On the other hand if the fixed point derivations are not reciprocal, like with \(\exp_{\sqrt{2}}'(2) = \log(2)\) and \(\exp_{\sqrt{2}}'(4) = 2\log(2) \) then we can surely say that the regular iteration at one fixed point can not be the regular iteration at the other for all t (or just a continuous interval) because as Tommy pointed out: the superfunctions have different periods then.
This was largely my question. Can we find a Euclidean mapping (entire function) such that \(f(p_0) = p_0\) and \(f(p_1) = p_1\), such that \(f'(p_0) = 1/f'(p_1)\).

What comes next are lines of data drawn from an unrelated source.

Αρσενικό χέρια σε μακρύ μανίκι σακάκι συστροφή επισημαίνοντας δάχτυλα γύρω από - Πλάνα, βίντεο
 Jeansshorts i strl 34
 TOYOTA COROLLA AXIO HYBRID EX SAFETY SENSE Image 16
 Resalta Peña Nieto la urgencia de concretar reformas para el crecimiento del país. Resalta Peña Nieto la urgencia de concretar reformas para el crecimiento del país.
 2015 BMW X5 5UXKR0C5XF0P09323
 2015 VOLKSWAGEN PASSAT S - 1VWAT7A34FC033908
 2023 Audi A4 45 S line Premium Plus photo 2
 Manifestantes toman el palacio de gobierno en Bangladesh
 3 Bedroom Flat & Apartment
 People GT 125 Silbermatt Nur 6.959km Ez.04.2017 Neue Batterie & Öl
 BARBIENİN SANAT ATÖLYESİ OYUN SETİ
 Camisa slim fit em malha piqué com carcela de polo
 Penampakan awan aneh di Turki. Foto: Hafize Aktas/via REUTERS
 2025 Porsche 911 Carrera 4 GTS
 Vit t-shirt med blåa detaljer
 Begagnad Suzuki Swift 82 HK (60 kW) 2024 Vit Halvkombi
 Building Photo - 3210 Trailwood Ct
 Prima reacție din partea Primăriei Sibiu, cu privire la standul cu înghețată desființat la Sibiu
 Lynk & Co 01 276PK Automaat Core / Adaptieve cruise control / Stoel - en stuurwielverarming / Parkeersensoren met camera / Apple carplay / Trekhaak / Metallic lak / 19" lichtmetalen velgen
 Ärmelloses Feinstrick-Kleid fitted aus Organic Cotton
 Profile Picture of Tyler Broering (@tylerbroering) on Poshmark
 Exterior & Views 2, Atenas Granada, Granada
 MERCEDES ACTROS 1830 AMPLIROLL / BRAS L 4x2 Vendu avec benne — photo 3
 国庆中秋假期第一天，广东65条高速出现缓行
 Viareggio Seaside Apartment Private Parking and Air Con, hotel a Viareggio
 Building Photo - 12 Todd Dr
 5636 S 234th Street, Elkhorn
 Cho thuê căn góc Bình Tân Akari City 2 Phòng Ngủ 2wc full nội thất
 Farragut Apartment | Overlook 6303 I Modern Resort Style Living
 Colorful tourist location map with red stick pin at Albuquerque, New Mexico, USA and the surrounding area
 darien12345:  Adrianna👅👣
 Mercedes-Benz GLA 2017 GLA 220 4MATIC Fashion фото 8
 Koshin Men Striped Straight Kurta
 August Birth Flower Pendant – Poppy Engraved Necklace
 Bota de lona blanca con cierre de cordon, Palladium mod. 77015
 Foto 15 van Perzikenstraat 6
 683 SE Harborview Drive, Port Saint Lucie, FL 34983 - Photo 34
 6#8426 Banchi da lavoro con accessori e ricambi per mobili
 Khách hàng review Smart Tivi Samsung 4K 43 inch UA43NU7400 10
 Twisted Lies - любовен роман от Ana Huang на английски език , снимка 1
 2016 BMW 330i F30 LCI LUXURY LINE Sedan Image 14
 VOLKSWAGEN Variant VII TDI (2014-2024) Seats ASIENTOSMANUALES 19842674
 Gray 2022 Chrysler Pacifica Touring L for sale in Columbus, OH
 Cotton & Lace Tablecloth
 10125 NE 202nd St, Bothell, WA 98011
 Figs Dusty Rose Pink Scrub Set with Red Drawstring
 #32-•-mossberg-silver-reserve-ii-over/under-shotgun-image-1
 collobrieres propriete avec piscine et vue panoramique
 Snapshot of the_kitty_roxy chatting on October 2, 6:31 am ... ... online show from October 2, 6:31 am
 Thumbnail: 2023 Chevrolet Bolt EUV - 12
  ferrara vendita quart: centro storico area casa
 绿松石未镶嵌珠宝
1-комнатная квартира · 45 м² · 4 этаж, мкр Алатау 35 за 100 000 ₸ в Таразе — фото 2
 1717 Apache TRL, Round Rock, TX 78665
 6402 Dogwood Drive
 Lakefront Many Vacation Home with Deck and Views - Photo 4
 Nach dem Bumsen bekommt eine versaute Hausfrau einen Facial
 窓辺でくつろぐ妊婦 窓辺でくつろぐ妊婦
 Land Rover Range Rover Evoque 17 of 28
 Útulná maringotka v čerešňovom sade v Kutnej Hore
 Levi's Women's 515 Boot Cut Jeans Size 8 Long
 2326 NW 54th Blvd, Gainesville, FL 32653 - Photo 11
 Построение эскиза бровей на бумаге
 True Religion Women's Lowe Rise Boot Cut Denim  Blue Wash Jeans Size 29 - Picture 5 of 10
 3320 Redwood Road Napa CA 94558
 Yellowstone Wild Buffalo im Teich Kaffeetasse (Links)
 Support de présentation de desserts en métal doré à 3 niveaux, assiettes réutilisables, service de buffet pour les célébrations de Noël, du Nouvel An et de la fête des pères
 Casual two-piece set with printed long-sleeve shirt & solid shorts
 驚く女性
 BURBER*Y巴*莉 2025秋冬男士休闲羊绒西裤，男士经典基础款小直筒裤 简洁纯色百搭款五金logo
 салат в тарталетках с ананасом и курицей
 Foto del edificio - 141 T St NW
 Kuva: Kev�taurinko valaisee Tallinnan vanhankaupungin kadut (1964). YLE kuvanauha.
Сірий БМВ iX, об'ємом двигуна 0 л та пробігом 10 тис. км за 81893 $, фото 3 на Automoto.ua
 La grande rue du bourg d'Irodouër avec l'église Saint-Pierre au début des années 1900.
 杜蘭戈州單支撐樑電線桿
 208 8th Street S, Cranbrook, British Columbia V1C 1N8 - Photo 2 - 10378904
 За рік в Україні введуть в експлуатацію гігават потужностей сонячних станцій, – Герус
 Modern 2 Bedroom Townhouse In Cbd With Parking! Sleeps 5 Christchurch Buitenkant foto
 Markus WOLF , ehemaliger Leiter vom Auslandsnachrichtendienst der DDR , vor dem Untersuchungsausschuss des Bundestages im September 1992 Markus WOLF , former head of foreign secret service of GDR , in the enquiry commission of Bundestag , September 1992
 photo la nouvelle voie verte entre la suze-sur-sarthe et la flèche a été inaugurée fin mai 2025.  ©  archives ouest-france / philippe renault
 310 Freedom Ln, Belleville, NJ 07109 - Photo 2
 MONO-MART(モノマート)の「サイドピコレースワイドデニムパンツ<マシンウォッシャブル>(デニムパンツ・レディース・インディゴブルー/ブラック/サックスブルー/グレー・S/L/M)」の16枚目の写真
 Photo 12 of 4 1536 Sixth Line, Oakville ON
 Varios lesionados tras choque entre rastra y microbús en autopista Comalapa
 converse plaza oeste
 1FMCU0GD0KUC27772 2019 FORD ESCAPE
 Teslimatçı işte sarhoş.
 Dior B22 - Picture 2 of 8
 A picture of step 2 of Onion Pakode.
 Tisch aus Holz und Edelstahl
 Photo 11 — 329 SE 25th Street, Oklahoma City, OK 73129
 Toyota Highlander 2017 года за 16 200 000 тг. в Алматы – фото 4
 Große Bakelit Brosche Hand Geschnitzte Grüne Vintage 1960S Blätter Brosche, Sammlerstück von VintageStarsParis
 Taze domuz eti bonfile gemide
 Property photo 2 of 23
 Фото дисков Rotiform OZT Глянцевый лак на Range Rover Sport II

And that additionally the orbits about a domain \(H\) of \(f\) tend to \(p_0\), and the orbits about a domain \(H\) of \(f^{-1}\) tend to \(p_1\).
I think this is possible, the trouble is, the fractional iterate will not be local about both fixed points. We can't fix a domain \(H\) which contains both fixed points. Even if \(H\) isn't simply connected, there should be a way to find a subdomain that is, that contains both fixed points--contradiction. This again would be my \(B(z)\) argument.
You're invariably getting \(p_1\) (\(p_0\)) to be on the boundary of the basin about \(p_0\) (\(p_1\)). The only way you have holomorphy at both is... if it's the Riemann sphere. Especially because we are making the coordinate change from \( f(z) \mapsto \lambda z\). And \(\lambda z\) technically has \(\infty\) (or \(0\)) at the boundary of the basin. But no holomorphic function on its basin is all of \(\mathbb{C}\), UNLESS it is \(\lambda z\).
This is deeply fascinating. We are definitely tapping the deep core of iteration right now, lmao.
EDIT: I've been devouring the Karlin Mcgregor paper, and I don't think we even need the extraneous paper you asked me to find. Karlin and Mcgregor prove a much more general result hidden as a result about real analysis. It specifically uses the term regular, and this should imply a domain about \([0,1]\) in the complex plane, but it includes \([0,1]\). I'll try to make a better write up of what I mean. But this is a much much better explanation of what I was trying to explain. MUCH MUCH better, lol.